Fabrizio De André, il canto libero ed antiborghese che esalta rivoluzioni, morte ed identità culturali raccontando le storie dimenticate, quelle degli ultimi. Tutto fuorché radical-chic.
di Giuseppe Ferrante
Ventiquattro anni fa, all’Istituto dei Tumori di Milano, si spense, o come avrebbe detto lui, è “evaporato in una nuvola rossa”, per raggiungere quell’angolo di Cielo riservato ai Pensatori liberi, il cantautore Fabrizio De André.
Nato da una famiglia di estrazione borghese, e con davanti a sé la carriera delineata di avvocato, non completa mai gli studi forensi e anzi, sin da giovanissimo, vaga nei locali della sua Genova per cercare l’occasione della vita che grazie alla “voce di un angelo” – quella di Mina nell’interpretazione de “La canzone di Marinella” – e, per fortuna di tutti, il suo percorso poetico e musicale è nel patrimonio culturale della Nazione.
Un percorso che comincia con la critica della vita borghese degli anni ’60, e l’esaltazione della rivoluzione sociale in “Storia di un impiegato” e di quella religiosa in “La buona novella”, con la figura di Gesù che, nudo di miracoli e resurrezione, rimane il figlio illegittimo di un falegname. Un percorso sempre caratterizzato dalla neanche troppo velata polemica verso quella morale sessuale che cominciava ad essere scardinata dai primi colpi di un ’68 a cui De André non è mai riuscito ad appartenere veramente. Perché anarchico? Chissà. Sicuramente perché autentico individualista dal canto libero che mai poteva cedere, come i Sessantottini, alle lusinghe della borghesia.

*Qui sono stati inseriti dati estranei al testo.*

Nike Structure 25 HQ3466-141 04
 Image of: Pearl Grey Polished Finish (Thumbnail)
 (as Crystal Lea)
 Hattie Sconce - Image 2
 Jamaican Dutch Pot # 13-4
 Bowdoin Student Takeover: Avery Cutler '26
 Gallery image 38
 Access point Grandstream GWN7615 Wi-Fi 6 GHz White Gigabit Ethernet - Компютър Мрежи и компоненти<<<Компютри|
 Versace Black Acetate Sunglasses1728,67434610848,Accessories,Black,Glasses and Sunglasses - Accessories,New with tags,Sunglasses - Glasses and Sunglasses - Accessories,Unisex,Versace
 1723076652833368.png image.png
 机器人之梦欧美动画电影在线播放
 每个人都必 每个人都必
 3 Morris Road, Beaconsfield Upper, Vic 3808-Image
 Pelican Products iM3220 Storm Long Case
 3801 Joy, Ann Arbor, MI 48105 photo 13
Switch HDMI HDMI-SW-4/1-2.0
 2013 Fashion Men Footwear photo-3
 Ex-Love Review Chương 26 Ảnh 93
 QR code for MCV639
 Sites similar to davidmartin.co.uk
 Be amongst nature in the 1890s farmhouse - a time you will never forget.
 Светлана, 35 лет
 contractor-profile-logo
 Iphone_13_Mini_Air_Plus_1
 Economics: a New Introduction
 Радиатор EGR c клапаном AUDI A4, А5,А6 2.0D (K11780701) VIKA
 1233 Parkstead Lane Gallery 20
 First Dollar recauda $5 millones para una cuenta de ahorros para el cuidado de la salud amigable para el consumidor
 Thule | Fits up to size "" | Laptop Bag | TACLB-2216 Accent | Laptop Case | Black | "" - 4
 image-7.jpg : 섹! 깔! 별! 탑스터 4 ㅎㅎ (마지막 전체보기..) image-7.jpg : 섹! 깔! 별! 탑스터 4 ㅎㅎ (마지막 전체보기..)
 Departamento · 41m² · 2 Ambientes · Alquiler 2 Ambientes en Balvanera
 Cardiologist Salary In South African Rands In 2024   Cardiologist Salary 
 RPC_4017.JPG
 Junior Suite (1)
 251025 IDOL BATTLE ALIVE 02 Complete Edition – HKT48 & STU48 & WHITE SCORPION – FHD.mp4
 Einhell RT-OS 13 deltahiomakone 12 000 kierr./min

Il poco tempo a disposizione dell’uomo per conoscere il mondo, per conoscere sé stesso e per farsi ricordare, è l’ansia della sua intera vita tanto che scrive proprio “per paura: per paura che si perda il ricordo della vita delle persone di cui scrivo. Per paura che si perda il ricordo di me”. Un uomo ossessionato dal tempo che scorre.
Vasta parte della produzione artistica di Faber non è in lingua italiana, ma nei dialetti d’Italia: dal genovese al napoletano, passando per quello sardo, quello veneziano… Uno studio maniacale delle diverse culture della Nazione, un’appartenenza viscerale alla nostra identità culturale perché, come dichiarato in una delle sue ultime interviste alla Rai, “noi tutti desideriamo conservare più strettamente le nostre radici culturali. […] Credo sia normale che ognuno di noi prima di sentirsi cittadino del mondo si senta napoletano, genovese”. In ogni suo album, Fabrizio De André analizza le storie dimenticate che, fino ad allora, nessuno voleva raccontare, trovando probabilmente proprio negli ultimi il simbolo della marcia contro i dogmi imposti dalla presunta “normalità”, perché “se non sono gigli son pur sempre figli vittime di questo mondo”.
Su De Andrè, ateo o profondo interprete della religiosità, giudice dell’umanità o suo umile conoscitore, è stato detto tutto ed il contrario di tutto, dipingendolo sia come alfiere buonista che come becero misantropo. Perché questo è il sudicio compito dei lestofanti del pensiero unico: tentare di imporre un’estrema unzione, un cocktail buonista agli uomini grandi della Storia. Ma solo dopo la loro scomparsa. Quando non possono più difendere la loro identità, senza poter avere diritto di replica.
E proprio quando questi giganti non sono più, il sacro rispetto dei pensatori liberi impone alle persone scevre da ogni pregiudizio il dovere di liberarli dai contenitori del buonismo dello spirito e dalle catene dall’intellighenzia radical chic.